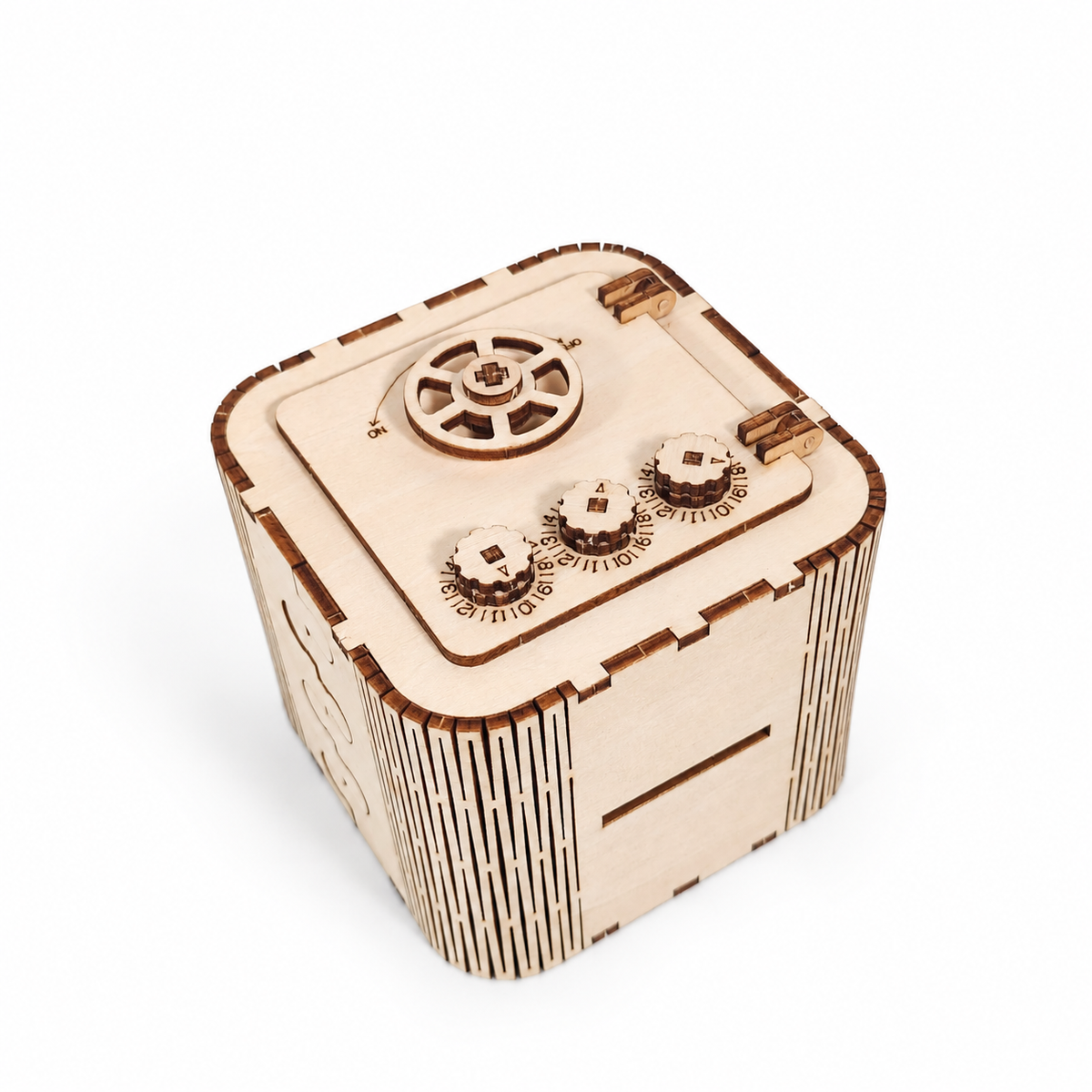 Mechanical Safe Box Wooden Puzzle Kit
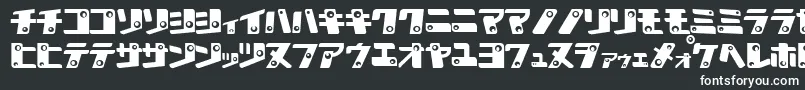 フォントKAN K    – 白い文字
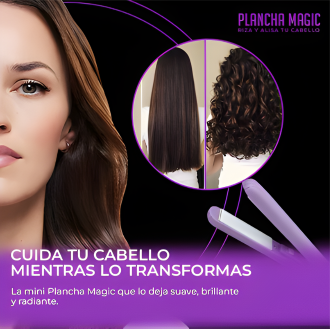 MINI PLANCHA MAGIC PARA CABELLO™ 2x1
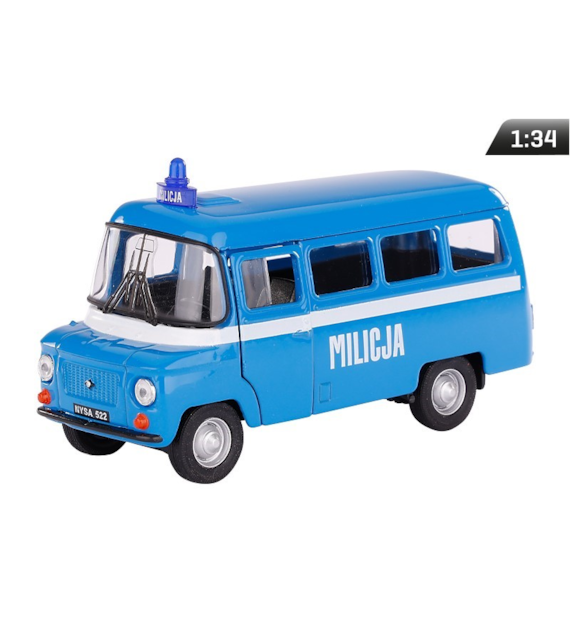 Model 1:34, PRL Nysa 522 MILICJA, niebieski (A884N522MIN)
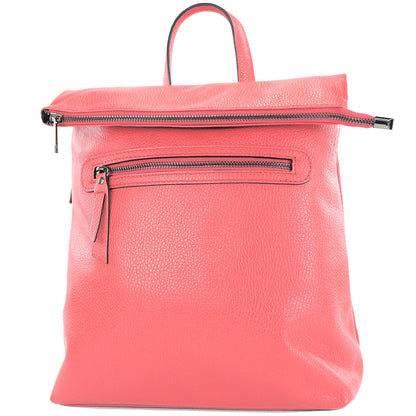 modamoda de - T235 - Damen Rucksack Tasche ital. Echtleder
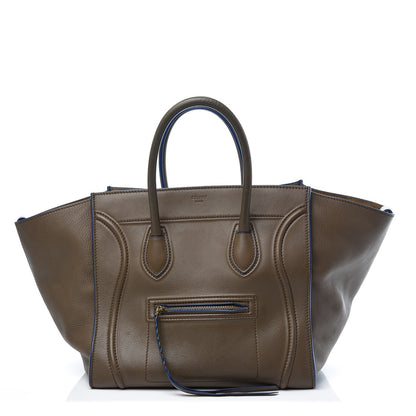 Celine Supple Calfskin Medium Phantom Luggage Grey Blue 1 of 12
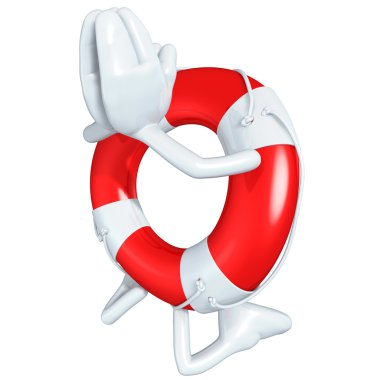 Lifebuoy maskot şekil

____

*Assignment*
All lines from the one containing "Celine Supple Calfskin" to the last line of the records above, and no others, should be returned unchanged, without pictures.

*Solution for this problem*
 Celine Supple Calfskin Medium Phantom Luggage Grey Blue 1 of 12
 Lifebuoy maskot şekil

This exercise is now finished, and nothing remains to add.